Work to complete ::
Please keep pictures out of the copy, and print exactly the lines from the one containing "Pearl Round Pendant" through the end of the records.
-----
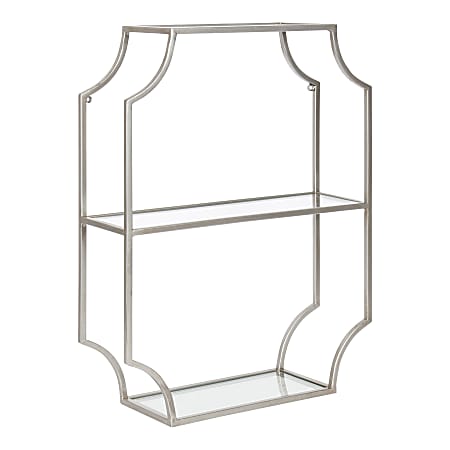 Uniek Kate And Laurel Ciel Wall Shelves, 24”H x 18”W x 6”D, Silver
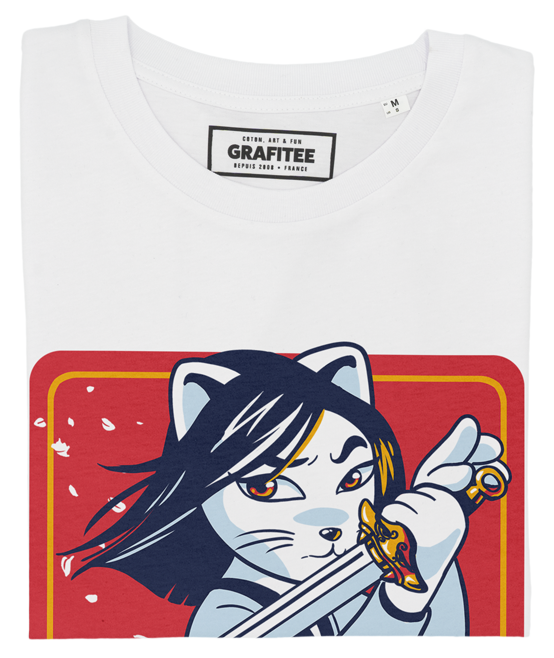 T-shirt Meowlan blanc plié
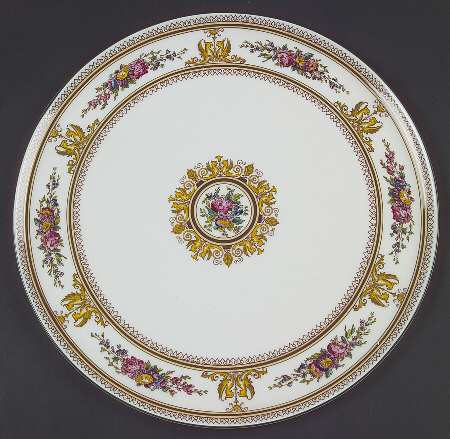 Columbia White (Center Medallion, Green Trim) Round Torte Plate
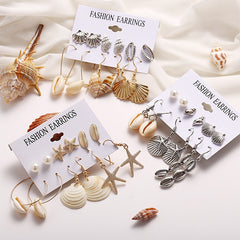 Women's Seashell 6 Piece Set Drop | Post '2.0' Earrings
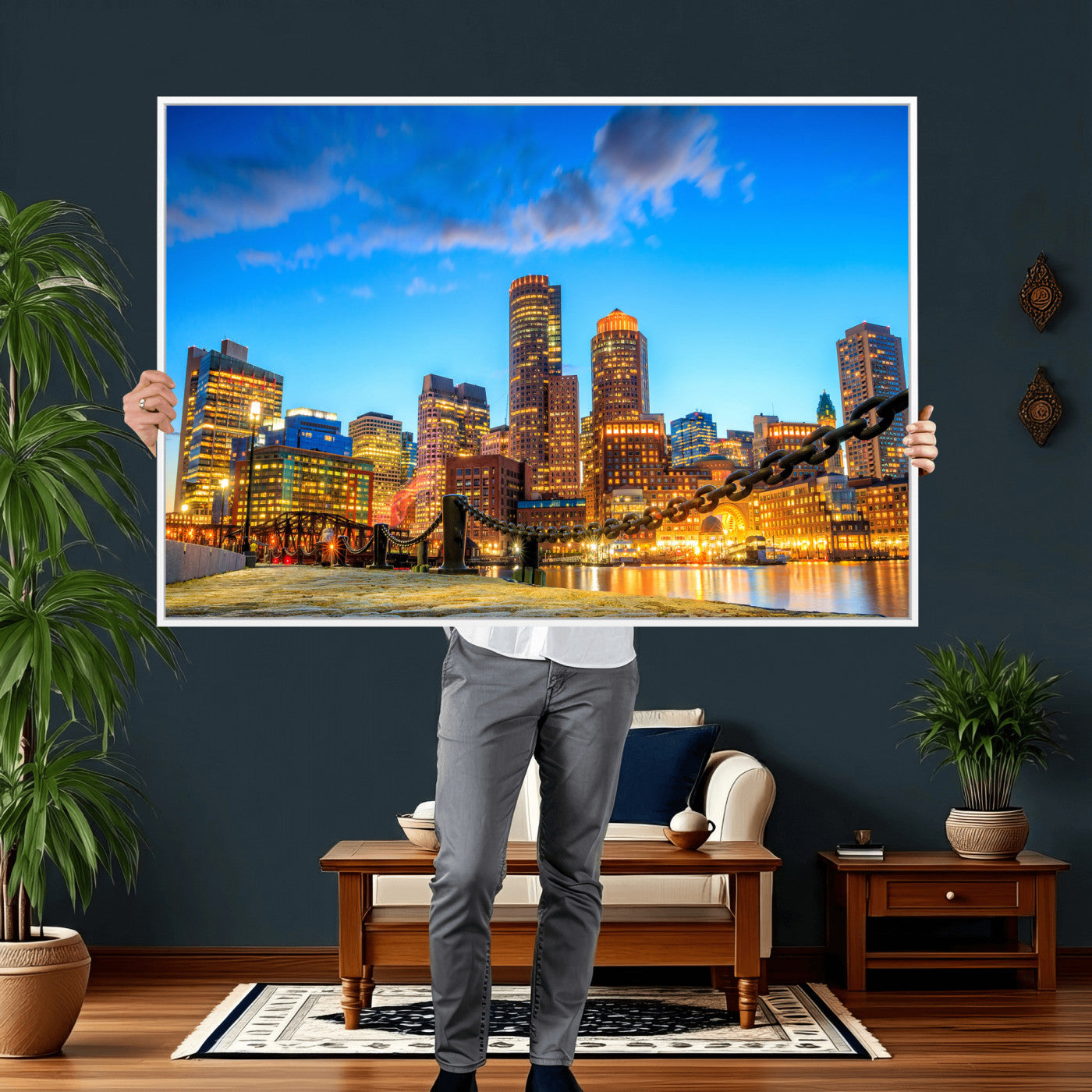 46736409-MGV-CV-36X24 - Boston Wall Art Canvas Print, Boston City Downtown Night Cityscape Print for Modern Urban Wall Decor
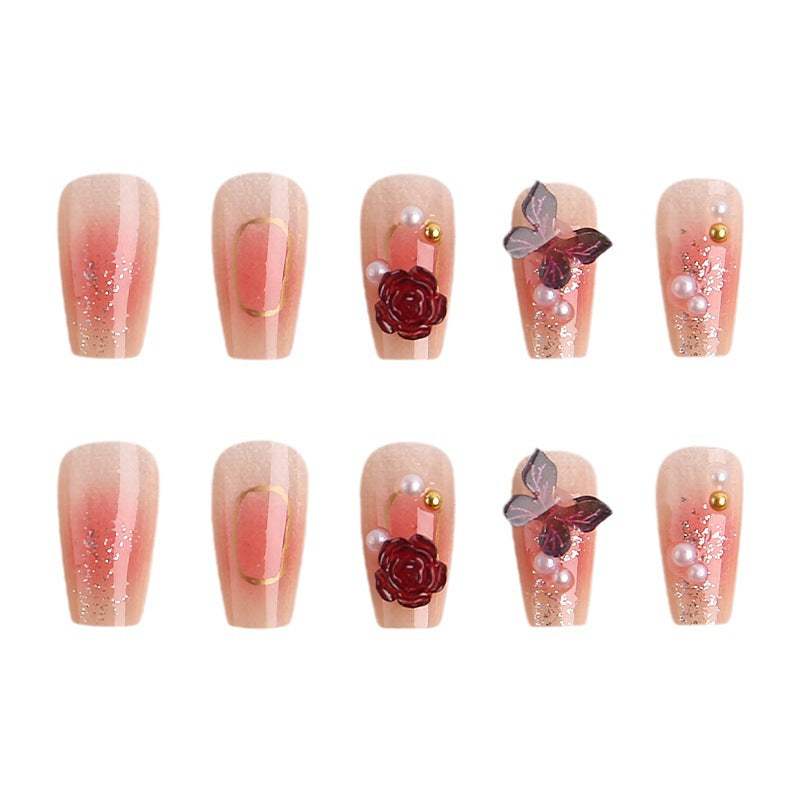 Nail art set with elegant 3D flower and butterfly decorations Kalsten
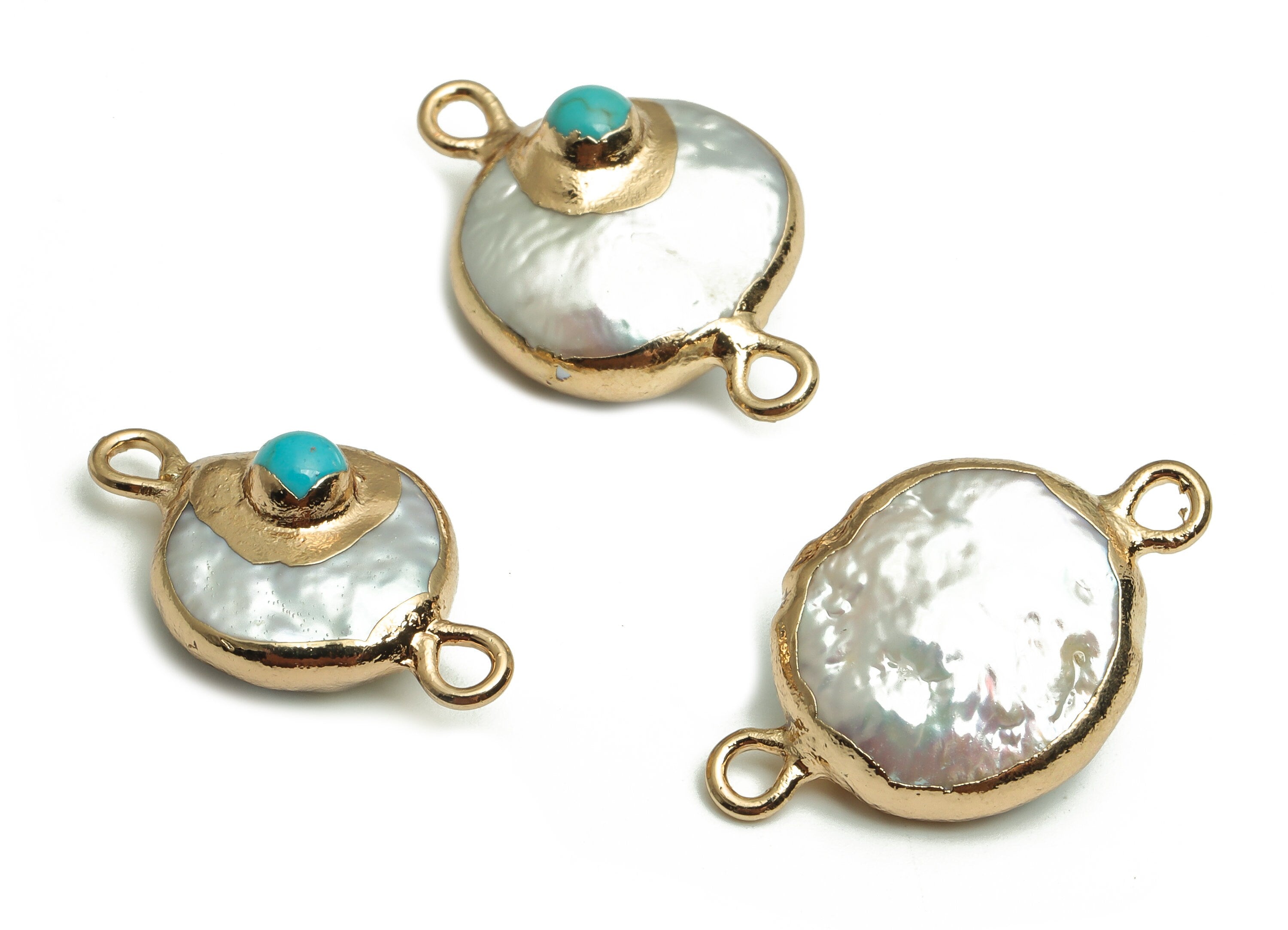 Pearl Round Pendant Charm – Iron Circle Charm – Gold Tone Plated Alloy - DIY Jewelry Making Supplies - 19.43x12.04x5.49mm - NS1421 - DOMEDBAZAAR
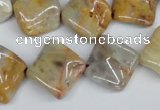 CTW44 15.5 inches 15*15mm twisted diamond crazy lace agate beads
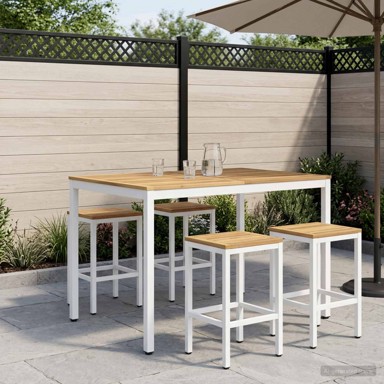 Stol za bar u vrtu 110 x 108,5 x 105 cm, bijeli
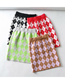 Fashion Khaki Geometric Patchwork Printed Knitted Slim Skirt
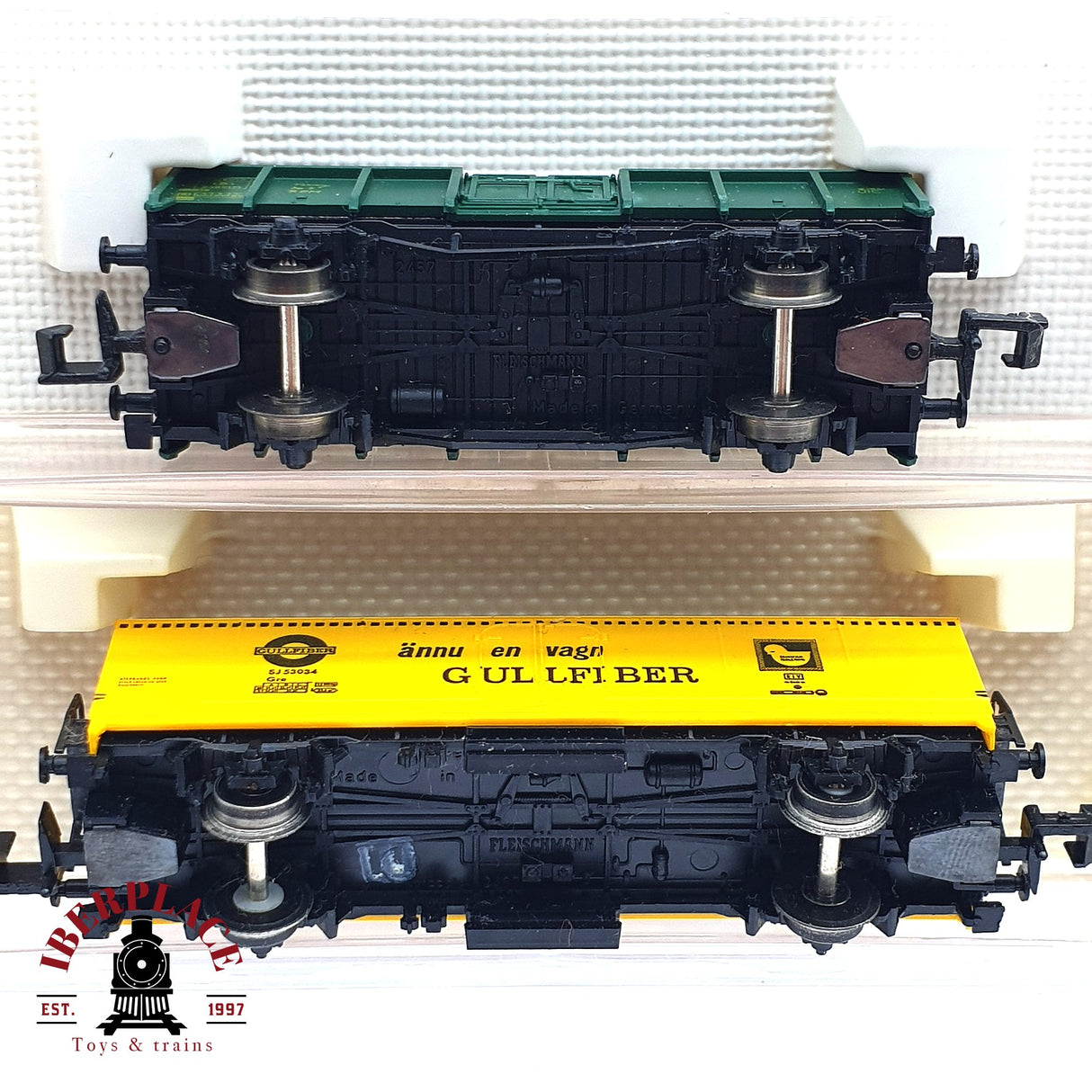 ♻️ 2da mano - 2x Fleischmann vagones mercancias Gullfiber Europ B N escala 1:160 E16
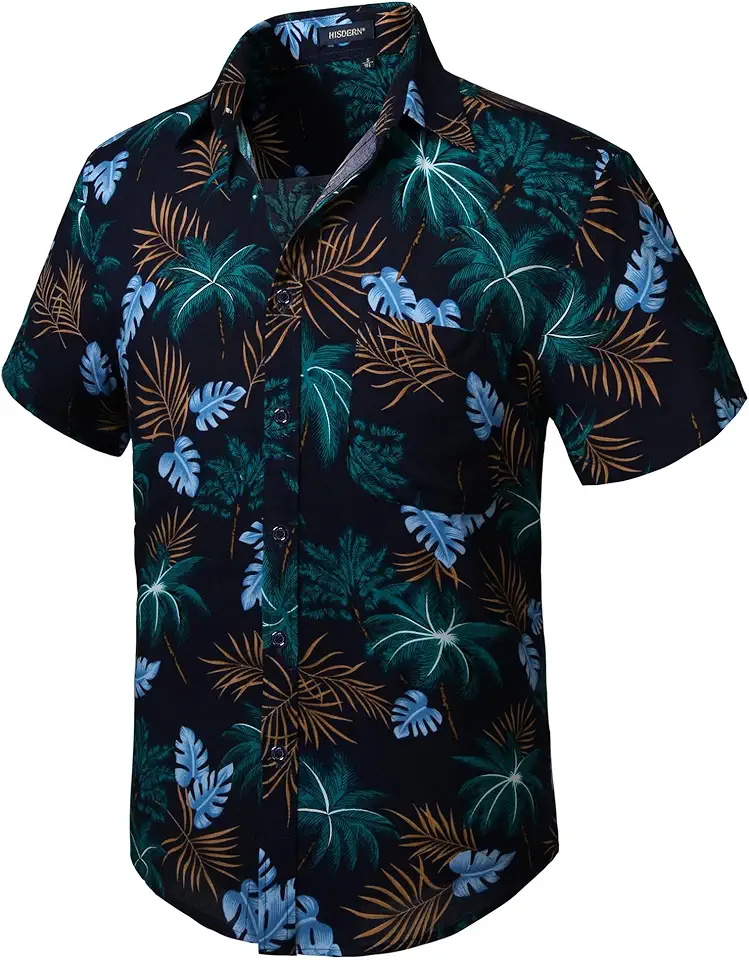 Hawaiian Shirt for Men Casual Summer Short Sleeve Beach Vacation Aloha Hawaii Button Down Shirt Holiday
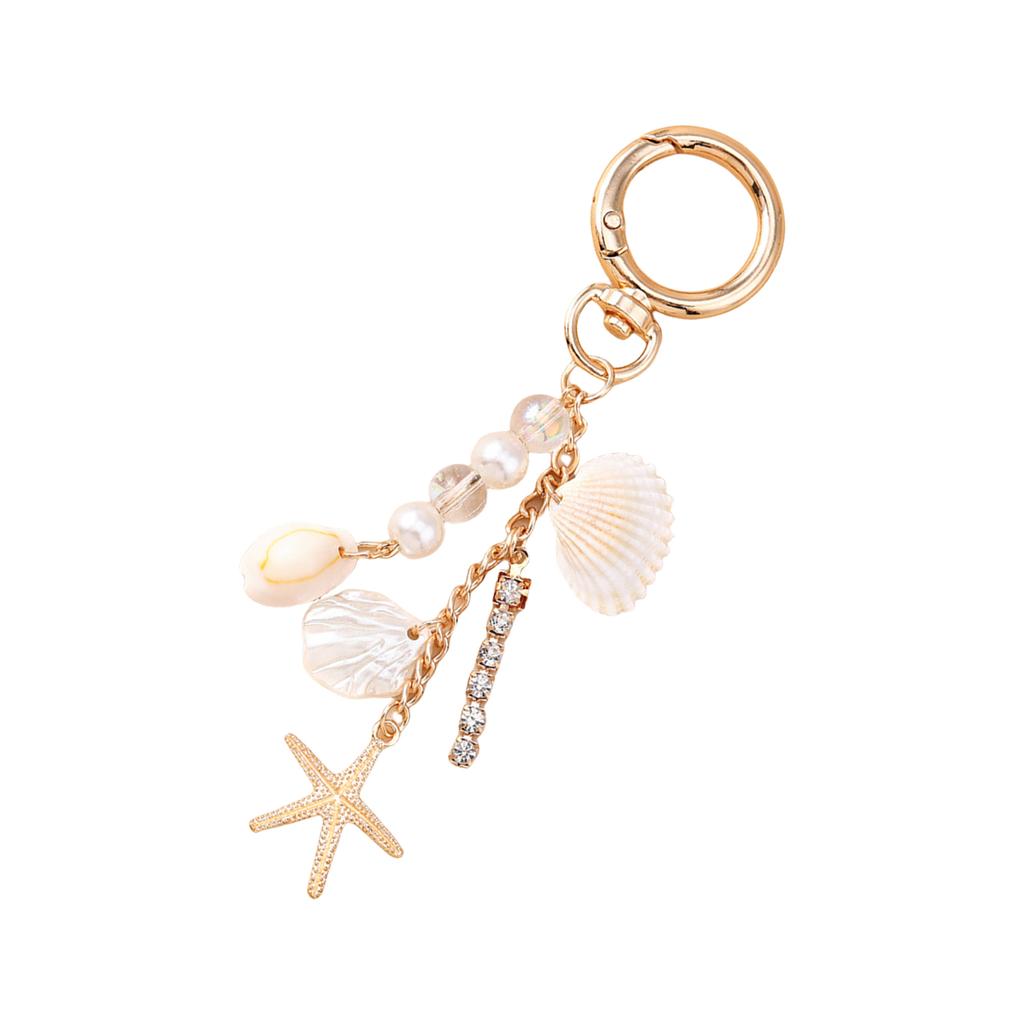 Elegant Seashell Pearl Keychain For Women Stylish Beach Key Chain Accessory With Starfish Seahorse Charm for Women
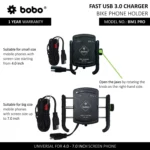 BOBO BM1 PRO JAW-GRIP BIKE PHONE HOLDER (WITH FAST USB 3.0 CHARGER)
-----
Problem solution ::
 Pearl Round Pendant Charm – Iron Circle Charm – Gold Tone Plated Alloy - DIY Jewelry Making Supplies - 19.43x12.04x5.49mm - NS1421 - DOMEDBAZAAR
 CTW44 15.5 inches 15*15mm twisted diamond crazy lace agate beads
 Stol za bar u vrtu 110 x 108,5 x 105 cm, bijeli
 Fashion Khaki Geometric Patchwork Printed Knitted Slim Skirt
 ♻️ 2da mano - 2x Fleischmann vagones mercancias Gullfiber Europ B N escala 1:160 E16
 Hawaiian Shirt for Men Casual Summer Short Sleeve Beach Vacation Aloha Hawaii Button Down Shirt Holiday
 Elegant Seashell Pearl Keychain For Women Stylish Beach Key Chain Accessory With Starfish Seahorse Charm for Women
 BOBO BM1 PRO JAW-GRIP BIKE PHONE HOLDER (WITH FAST USB 3.0 CHARGER)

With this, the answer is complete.